Data below:
------------------------------------------------

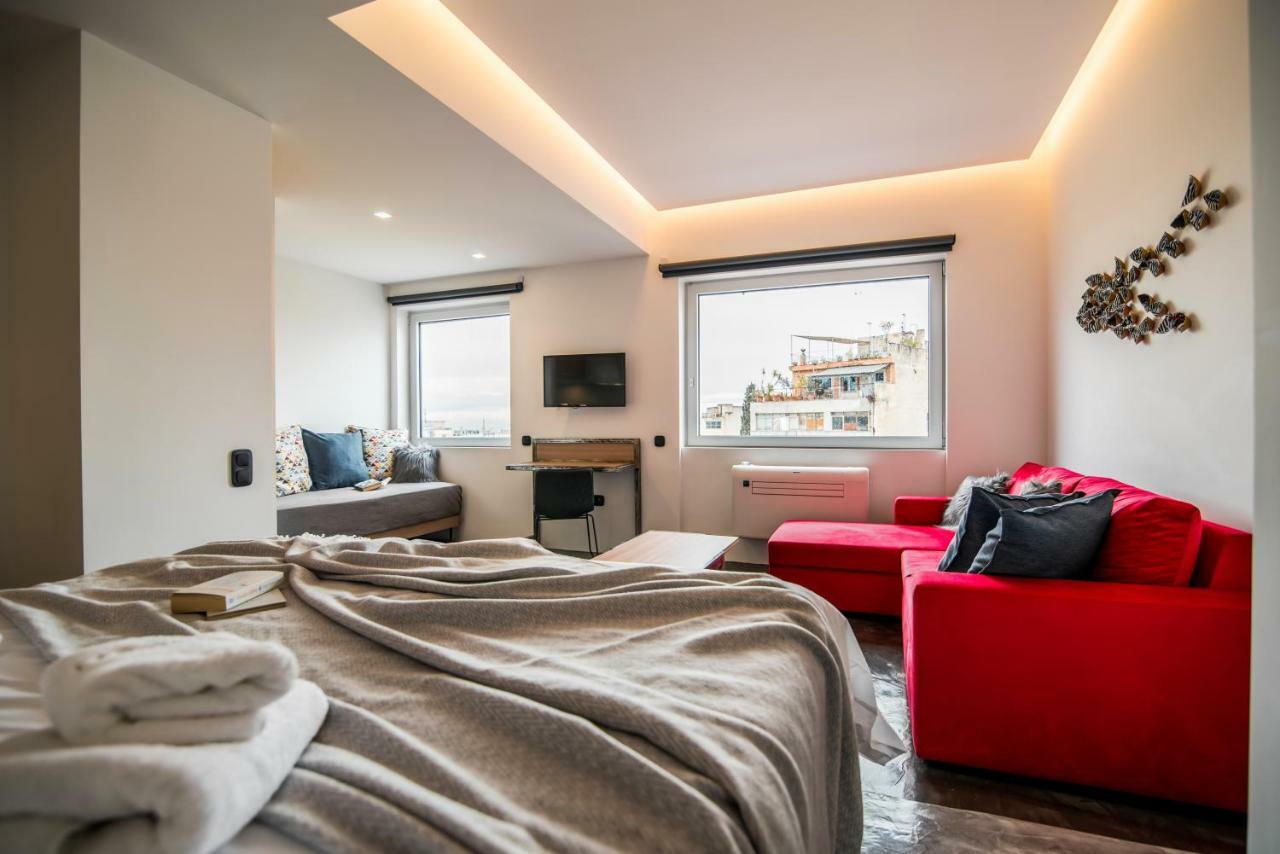 Athina Streetapartments アテネ エクステリア 写真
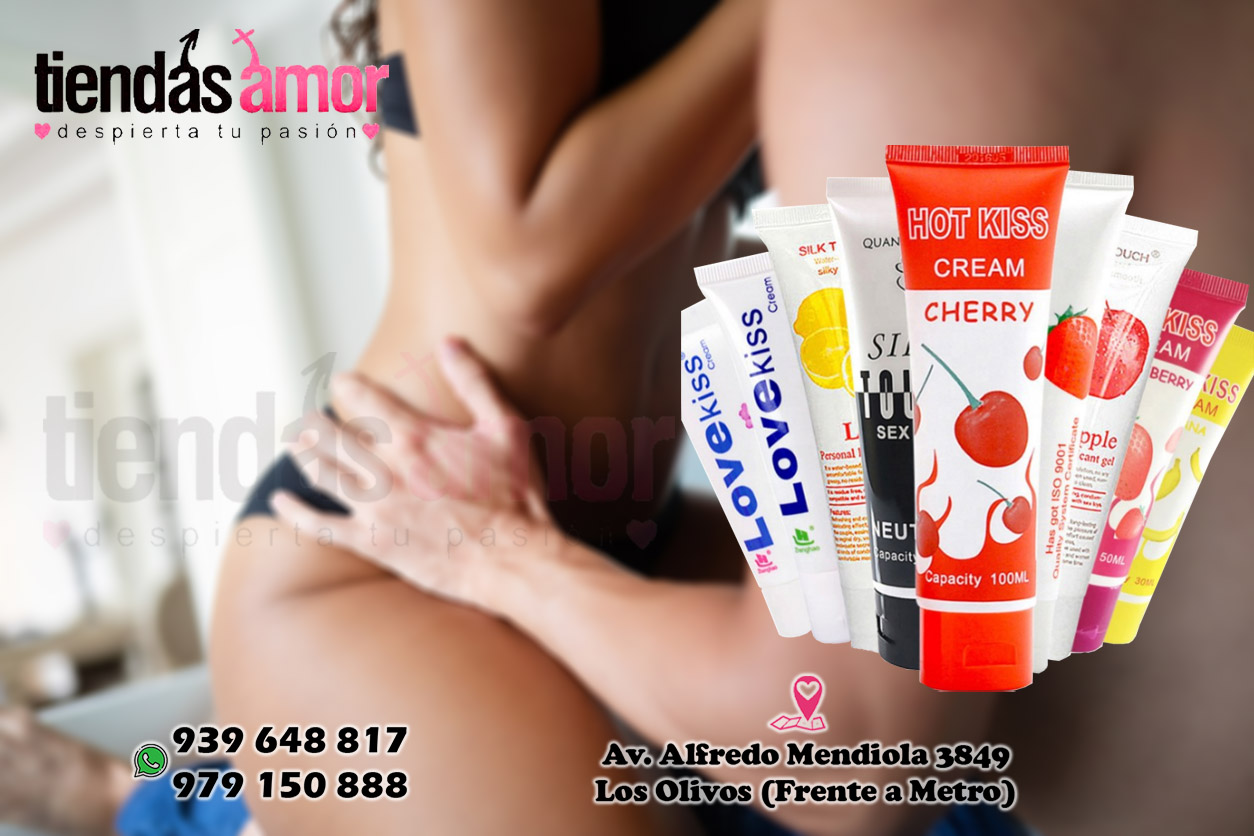 LUBRICANTES DE TODOS LOS SABORES SEXSHOP LIMA 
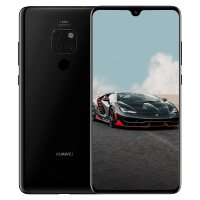 HUAWEI/华为Mate 20 亮黑色 6GB+128GB 麒麟980芯片全面屏徕卡三摄移动版全网通智能手机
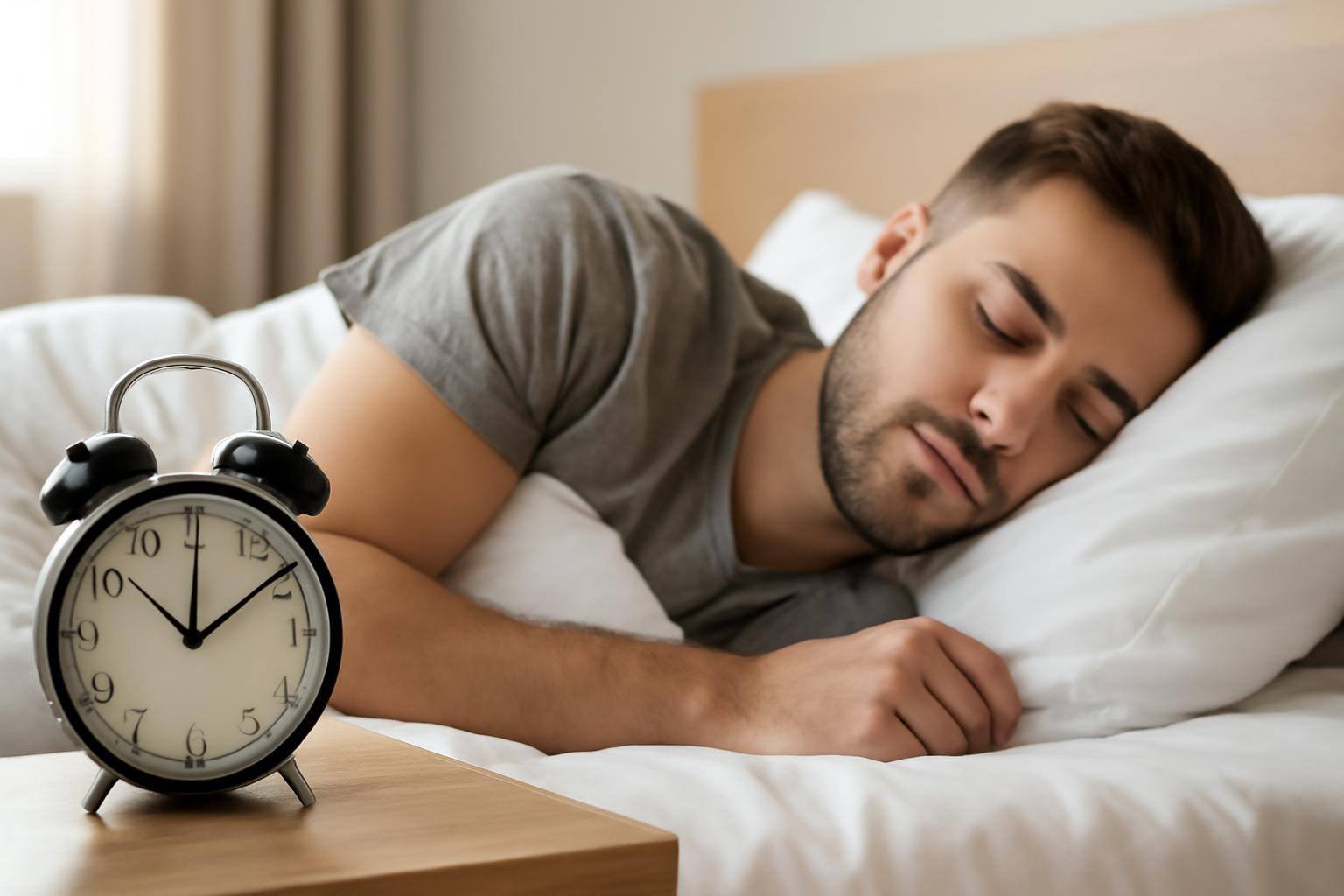صورة توضيحية حول تنظيم موعد النوم والاستيقاظ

------------------------------------------------

Task brief:
The output should hold only the lines from the one containing "LUBRICANTES DE TODOS" through the last line of the listing, reproduced exactly, pictures omitted.

Response area:
 LUBRICANTES DE TODOS LOS SABORES SEXSHOP LIMA 
 HUAWEI/华为Mate 20 亮黑色 6GB+128GB 麒麟980芯片全面屏徕卡三摄移动版全网通智能手机
صورة توضيحية حول تنظيم موعد النوم والاستيقاظ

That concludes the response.